Half the plots are exposed to disturbance, like the one above © S. Delheimer.

Half the plots are covered with steel cages to minimize disturbance © S. Delheimer.
Once each washer had been mounted to the rocks, we switched tasks to monitor bird and human activity in the intertidal zone. During a two-hour time span, beginning one hour before low tide, we observed the intertidal zone and documented anything that entered the zone. Collected daily, these records of activity can be correlated with the information provided by the barnacle colonization monitoring to help researchers determine the nature and extent of tidal, bird, and human disturbances.
Although the wind managed to find me no matter how close I shrugged up against our large boulder perch, I enjoyed the bird and human surveying. I was forced to pay close attention to the behavior of all of the zone’s animal and human visitors. I watched intently as sea gulls swooped in perfectly parabolic form to nab a juicy sea urchin or crab and laughed at their clever technique of cracking the shells by dropping the crustaceans onto the hard, jagged rocks below. I was enthralled by the sea gull soap operas that unfolded as adults stole lunch from the juveniles and black-backed gulls used their size to take over a herring gull’s feast. Out of nowhere, 20-30 common eider, including two or three chicks, popped up near the coast after a long dive under the surface. The cormorants made frequent passes by, wings furiously flapping, but never landed in the intertidal zone.

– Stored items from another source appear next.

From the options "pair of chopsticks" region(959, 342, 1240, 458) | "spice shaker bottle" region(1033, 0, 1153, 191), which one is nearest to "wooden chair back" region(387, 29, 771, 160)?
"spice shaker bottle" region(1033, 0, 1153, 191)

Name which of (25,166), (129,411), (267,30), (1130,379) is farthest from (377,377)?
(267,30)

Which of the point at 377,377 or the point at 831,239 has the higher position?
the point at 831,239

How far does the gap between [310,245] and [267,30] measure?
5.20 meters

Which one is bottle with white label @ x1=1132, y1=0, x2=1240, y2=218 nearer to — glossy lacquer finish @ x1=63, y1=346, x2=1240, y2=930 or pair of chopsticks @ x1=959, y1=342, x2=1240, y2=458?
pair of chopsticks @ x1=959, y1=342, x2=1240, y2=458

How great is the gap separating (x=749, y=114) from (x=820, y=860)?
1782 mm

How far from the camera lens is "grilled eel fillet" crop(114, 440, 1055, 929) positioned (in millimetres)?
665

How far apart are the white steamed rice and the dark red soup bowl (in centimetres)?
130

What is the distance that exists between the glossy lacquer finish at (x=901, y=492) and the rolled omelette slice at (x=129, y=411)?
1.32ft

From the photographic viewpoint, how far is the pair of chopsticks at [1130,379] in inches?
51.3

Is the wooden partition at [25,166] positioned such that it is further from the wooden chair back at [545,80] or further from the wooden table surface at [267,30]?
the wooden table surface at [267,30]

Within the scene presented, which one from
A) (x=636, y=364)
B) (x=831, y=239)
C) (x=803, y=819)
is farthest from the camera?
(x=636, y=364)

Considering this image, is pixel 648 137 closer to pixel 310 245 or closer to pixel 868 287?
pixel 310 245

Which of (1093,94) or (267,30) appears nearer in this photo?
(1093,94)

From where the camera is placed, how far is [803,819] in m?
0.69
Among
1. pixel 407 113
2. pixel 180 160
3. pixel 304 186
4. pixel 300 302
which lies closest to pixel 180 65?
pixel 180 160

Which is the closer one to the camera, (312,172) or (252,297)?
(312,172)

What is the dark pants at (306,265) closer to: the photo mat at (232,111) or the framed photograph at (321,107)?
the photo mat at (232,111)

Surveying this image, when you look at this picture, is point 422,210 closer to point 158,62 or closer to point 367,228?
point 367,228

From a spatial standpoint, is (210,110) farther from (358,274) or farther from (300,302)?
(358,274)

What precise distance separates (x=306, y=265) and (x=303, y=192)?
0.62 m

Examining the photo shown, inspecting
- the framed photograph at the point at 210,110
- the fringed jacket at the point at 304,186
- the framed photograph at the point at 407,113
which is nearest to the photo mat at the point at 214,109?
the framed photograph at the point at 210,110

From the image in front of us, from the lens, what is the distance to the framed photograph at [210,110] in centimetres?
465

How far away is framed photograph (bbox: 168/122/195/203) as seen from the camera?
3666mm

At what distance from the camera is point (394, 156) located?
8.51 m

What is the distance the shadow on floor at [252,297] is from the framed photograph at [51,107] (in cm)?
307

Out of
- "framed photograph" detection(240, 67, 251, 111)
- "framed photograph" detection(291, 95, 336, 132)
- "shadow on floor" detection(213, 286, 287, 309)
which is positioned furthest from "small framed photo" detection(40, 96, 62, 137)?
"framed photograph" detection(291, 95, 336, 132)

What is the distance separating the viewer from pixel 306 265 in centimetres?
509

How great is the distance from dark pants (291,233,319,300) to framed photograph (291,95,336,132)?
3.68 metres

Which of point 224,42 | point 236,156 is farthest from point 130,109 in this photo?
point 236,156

Although earlier the fog had been of pea soup consistency, by the end of our survey it had lifted, making it easier for us to spot birds in the air and sea. At the end of our two hour observation period, we had tallied numerous gulls, diving birds and ducks (within 20 meters of the shore), and humans despite the bleak weather.

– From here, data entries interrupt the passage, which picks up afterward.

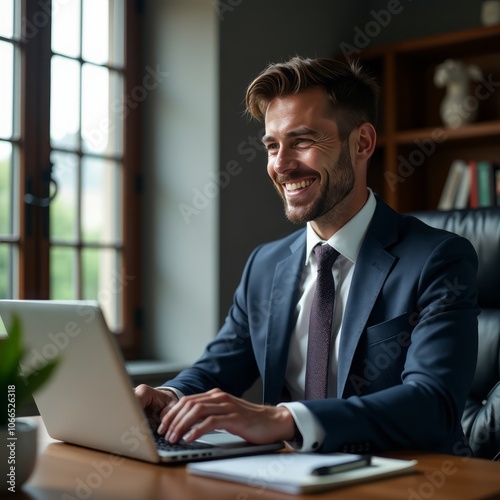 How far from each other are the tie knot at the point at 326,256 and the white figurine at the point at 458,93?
1.79 meters

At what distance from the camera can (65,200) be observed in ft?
9.74

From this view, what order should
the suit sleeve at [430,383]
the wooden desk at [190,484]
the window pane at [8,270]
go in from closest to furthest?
the wooden desk at [190,484]
the suit sleeve at [430,383]
the window pane at [8,270]

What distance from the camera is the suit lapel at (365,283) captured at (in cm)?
161

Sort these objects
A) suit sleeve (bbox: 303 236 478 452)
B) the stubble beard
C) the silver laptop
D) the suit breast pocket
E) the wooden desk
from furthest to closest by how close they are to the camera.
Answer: the stubble beard → the suit breast pocket → suit sleeve (bbox: 303 236 478 452) → the silver laptop → the wooden desk

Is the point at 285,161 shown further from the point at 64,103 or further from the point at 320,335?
the point at 64,103

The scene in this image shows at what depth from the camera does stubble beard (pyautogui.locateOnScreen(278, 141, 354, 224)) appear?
1.82 meters

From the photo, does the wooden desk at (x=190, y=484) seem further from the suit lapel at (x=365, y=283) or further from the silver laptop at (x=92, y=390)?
the suit lapel at (x=365, y=283)

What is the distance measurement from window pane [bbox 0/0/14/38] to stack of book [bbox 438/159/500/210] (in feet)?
6.12

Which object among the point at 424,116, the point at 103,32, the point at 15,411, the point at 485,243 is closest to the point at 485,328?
the point at 485,243

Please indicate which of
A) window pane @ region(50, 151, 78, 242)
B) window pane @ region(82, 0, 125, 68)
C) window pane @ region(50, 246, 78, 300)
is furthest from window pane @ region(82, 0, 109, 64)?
window pane @ region(50, 246, 78, 300)

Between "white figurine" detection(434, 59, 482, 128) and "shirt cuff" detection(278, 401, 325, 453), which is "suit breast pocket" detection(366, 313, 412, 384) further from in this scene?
"white figurine" detection(434, 59, 482, 128)

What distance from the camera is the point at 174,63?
10.8ft

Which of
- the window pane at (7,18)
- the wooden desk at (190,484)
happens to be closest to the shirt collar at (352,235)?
the wooden desk at (190,484)

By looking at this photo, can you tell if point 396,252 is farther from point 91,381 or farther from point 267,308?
point 91,381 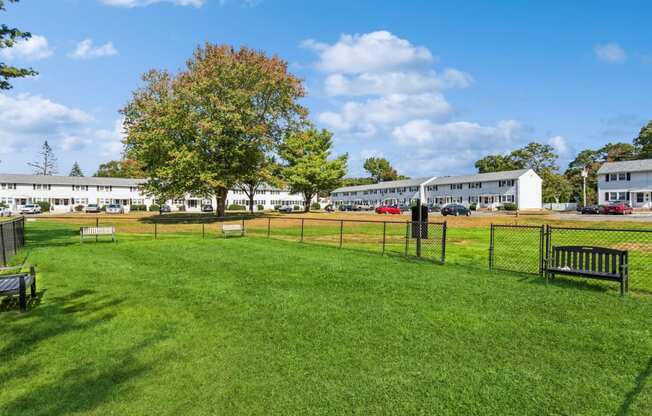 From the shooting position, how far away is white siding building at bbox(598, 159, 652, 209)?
2331 inches

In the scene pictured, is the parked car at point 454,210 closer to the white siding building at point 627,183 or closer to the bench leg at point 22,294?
the white siding building at point 627,183

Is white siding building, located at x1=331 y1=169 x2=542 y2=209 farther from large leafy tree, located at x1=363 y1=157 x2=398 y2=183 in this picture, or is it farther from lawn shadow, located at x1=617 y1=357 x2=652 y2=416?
lawn shadow, located at x1=617 y1=357 x2=652 y2=416

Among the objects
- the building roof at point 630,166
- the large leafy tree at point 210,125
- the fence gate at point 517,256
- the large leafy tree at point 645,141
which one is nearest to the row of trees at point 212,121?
the large leafy tree at point 210,125

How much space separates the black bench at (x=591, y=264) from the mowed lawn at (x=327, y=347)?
→ 1.23ft

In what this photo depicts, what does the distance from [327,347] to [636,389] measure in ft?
11.6

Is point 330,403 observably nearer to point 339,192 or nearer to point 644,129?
point 644,129

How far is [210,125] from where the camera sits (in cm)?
3791

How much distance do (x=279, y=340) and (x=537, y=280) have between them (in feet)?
22.8

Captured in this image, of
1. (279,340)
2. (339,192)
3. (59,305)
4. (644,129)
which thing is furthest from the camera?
(339,192)

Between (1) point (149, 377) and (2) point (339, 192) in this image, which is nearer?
(1) point (149, 377)

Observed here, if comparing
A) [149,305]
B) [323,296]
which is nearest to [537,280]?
[323,296]

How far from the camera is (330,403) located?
13.8 feet

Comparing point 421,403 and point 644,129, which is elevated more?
point 644,129

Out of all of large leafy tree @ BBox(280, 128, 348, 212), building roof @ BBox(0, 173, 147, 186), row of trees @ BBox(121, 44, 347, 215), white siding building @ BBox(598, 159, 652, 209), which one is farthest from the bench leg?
building roof @ BBox(0, 173, 147, 186)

Acadia NP scientists and volunteers will continue to track changes in species composition and bird use of the intertidal zone throughout the summer to determine how park visitors influence these measurements. Results will inform better management of the rocky intertidal zone. For example, if data show that the zone is sensitive to human disturbance during a particular time of year, resource managers can close the area to visitors.